**Prompt:** Repeat verbatim what the listing holds, but not its pictures.

**Data provided:**
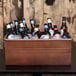 An American Metalcraft copper rectangular metal container filled with bottles of beer on a table.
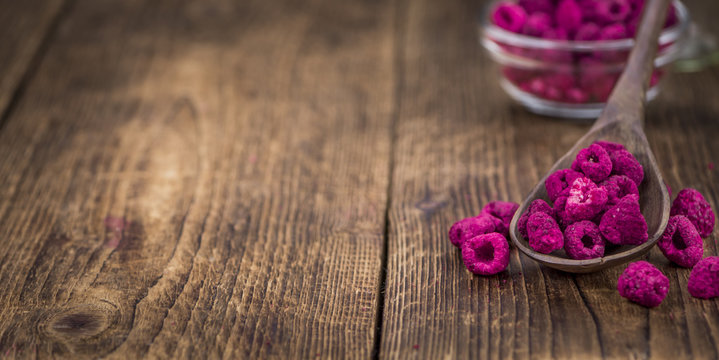 Portion of Raspberries (dried) on wooden background, selective focus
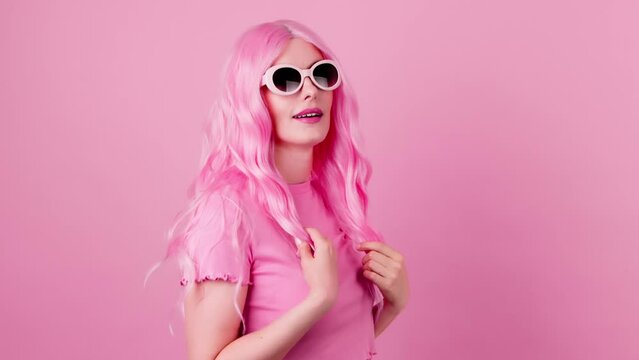 Fashionable woman in total pink with smiling face, trend outfit for confidence, positivity, beauty, advert. Relaxed lady posing looking at camera, pride emotion, makeup in studio on pink background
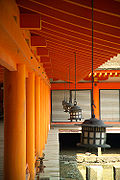 Lanterns hang from the eaves of a building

**Finished task:**
 An American Metalcraft copper rectangular metal container filled with bottles of beer on a table.
 Portion of Raspberries (dried) on wooden background, selective focus
 Fashionable woman in total pink with smiling face, trend outfit for confidence, positivity, beauty, advert. Relaxed lady posing looking at camera, pride emotion, makeup in studio on pink background
 Lanterns hang from the eaves of a building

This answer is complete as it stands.